## What the task requires
Could the listing be repeated exactly, with every picture dropped?

Segment Start: Material provided

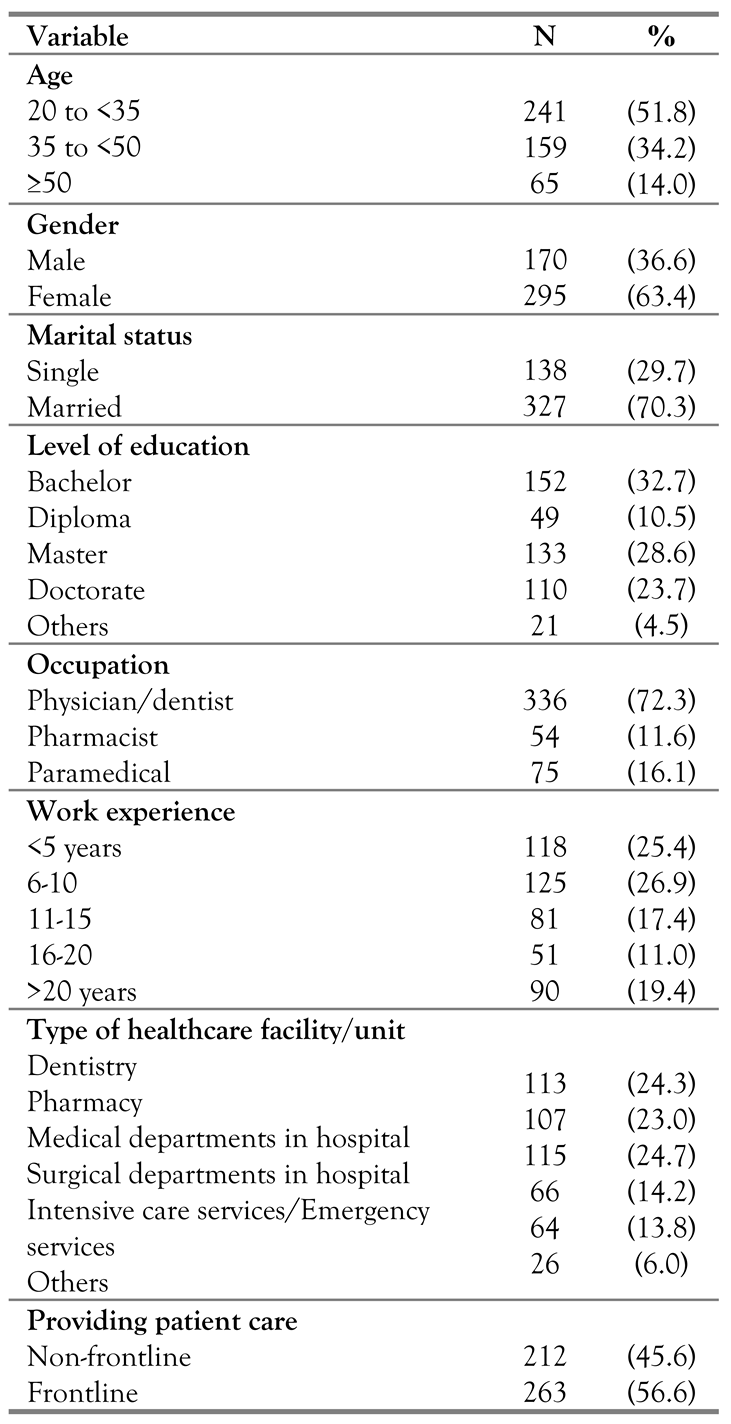 Germs 11 00179 i001 Germs 11 00179 i001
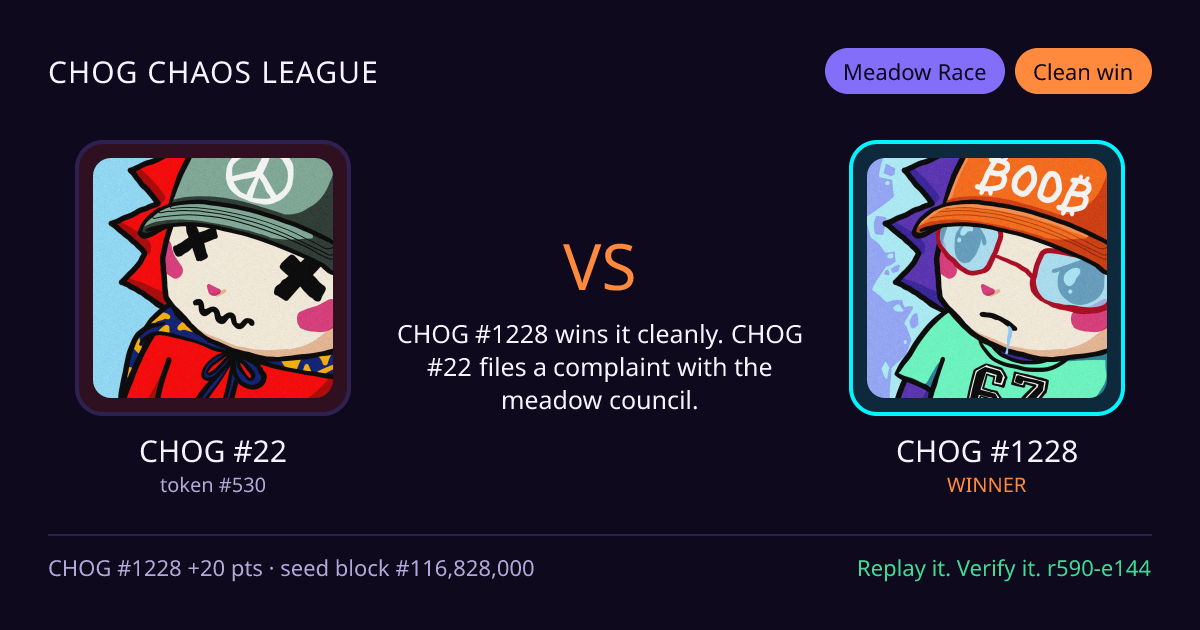 Highlight card: CHOG #22 versus CHOG #1228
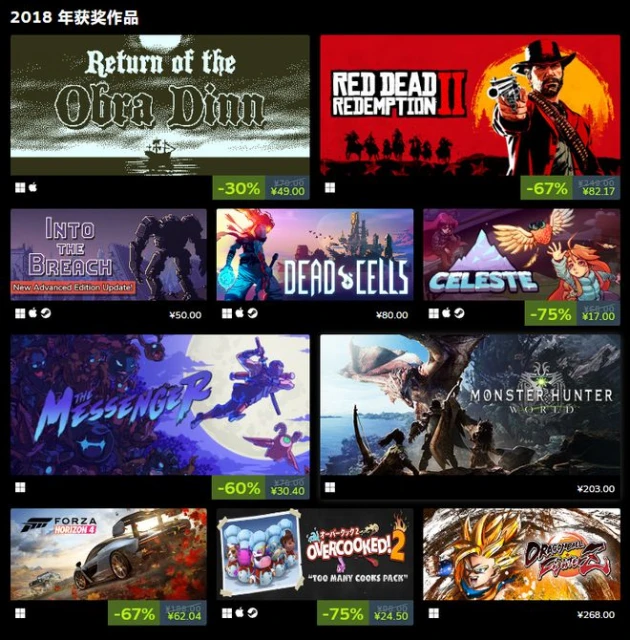 TGA 2022提名&歷年獲獎作品 已在Steam開啟特賣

Segment End: Material provided

## Solution to the exercise
 Germs 11 00179 i001 Germs 11 00179 i001
 Highlight card: CHOG #22 versus CHOG #1228
 TGA 2022提名&歷年獲獎作品 已在Steam開啟特賣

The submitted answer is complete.